#### What you will do:
When you reach the line that contains "hotel lagoona and banquet hall" in the data below, start reproducing lines exactly, and stop after the line that contains "PunkFunkPunch".

#### Records contained in a dataset:
━━━

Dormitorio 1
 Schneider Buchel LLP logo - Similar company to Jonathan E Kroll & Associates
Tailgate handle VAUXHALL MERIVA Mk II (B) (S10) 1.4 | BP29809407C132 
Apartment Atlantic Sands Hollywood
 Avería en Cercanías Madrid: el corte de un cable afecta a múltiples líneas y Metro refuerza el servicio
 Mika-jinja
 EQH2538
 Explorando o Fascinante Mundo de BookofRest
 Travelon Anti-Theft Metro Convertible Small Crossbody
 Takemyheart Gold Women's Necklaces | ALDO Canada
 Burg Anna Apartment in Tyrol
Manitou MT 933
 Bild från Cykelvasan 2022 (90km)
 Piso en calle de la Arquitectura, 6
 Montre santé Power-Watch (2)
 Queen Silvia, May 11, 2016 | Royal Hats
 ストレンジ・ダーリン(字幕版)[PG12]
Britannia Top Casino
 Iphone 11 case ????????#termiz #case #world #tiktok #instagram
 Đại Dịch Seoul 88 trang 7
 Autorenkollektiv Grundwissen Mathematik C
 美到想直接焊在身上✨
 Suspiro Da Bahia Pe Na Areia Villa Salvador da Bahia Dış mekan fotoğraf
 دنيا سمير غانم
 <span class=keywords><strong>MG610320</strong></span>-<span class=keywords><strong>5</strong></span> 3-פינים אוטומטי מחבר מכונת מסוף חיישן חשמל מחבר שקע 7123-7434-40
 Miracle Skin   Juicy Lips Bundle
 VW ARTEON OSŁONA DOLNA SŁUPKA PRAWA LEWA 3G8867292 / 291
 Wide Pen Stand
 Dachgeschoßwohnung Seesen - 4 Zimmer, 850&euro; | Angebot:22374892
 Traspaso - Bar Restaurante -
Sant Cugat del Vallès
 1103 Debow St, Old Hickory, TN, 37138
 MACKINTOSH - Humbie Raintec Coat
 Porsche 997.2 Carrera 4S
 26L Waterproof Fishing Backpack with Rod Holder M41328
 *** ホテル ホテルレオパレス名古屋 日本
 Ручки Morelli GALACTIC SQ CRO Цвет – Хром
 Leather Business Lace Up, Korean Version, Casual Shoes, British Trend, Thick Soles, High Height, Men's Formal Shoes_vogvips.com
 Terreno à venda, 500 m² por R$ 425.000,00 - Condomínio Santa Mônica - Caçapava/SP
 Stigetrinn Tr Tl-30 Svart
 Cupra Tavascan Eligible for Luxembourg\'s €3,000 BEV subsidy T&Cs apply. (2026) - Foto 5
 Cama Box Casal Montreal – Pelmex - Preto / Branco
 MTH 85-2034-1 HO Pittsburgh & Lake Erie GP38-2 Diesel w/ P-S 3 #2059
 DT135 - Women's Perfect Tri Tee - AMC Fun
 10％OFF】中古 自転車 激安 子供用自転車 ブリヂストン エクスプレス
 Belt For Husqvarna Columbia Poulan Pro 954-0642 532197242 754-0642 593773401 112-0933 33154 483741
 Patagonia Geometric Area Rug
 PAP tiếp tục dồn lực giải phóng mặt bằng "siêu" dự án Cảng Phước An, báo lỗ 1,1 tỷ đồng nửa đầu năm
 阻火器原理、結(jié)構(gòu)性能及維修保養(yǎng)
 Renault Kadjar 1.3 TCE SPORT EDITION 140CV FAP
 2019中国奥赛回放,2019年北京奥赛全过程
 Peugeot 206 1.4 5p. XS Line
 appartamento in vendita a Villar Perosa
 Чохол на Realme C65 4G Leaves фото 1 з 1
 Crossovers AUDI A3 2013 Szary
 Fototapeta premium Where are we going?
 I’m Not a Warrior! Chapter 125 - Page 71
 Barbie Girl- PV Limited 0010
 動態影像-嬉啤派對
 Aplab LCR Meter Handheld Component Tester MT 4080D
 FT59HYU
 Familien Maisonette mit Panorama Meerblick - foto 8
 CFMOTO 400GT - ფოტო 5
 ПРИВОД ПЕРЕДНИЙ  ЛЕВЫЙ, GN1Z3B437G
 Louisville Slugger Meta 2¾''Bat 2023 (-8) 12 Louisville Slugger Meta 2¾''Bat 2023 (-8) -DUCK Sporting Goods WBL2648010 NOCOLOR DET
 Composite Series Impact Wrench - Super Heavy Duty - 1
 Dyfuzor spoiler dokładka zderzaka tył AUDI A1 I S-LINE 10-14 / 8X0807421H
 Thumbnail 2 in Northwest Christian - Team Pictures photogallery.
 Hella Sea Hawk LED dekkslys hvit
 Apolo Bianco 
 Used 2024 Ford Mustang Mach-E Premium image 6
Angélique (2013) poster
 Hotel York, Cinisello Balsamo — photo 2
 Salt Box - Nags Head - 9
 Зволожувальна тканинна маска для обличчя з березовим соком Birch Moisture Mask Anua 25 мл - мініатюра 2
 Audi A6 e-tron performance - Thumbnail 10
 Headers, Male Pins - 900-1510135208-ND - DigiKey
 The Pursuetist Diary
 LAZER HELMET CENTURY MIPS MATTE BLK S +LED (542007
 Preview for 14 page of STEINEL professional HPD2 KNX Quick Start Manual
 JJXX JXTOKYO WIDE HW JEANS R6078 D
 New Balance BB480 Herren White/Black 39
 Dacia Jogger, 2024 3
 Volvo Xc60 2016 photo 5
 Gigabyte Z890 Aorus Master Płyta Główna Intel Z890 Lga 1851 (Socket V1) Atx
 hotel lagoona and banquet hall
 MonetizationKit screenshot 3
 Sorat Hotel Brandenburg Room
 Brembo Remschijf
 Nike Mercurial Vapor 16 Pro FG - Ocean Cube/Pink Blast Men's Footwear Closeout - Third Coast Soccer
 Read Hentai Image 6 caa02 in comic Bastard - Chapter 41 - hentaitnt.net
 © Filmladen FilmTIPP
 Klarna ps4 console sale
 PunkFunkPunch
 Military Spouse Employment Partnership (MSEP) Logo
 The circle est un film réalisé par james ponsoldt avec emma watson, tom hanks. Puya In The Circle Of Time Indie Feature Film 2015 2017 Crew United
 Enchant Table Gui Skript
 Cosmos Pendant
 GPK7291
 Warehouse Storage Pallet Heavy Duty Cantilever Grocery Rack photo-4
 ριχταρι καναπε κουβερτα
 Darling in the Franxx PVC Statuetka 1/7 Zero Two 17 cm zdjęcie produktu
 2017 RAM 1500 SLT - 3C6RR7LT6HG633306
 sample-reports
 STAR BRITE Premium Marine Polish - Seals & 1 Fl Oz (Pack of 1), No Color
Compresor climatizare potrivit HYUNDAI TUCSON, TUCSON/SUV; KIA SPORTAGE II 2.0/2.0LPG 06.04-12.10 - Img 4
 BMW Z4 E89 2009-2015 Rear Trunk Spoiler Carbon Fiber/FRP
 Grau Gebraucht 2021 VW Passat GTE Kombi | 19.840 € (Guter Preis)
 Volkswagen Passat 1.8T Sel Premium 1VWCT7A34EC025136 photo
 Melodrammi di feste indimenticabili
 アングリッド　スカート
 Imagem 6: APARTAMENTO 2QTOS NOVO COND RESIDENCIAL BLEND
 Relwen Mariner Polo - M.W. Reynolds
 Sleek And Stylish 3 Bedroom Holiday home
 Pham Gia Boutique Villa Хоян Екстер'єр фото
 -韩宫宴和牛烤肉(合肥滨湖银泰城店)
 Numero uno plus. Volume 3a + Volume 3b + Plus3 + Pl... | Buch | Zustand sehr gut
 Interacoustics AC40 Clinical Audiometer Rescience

━━━

#### Written answer:
 hotel lagoona and banquet hall
 MonetizationKit screenshot 3
 Sorat Hotel Brandenburg Room
 Brembo Remschijf
 Nike Mercurial Vapor 16 Pro FG - Ocean Cube/Pink Blast Men's Footwear Closeout - Third Coast Soccer
 Read Hentai Image 6 caa02 in comic Bastard - Chapter 41 - hentaitnt.net
 © Filmladen FilmTIPP
 Klarna ps4 console sale
 PunkFunkPunch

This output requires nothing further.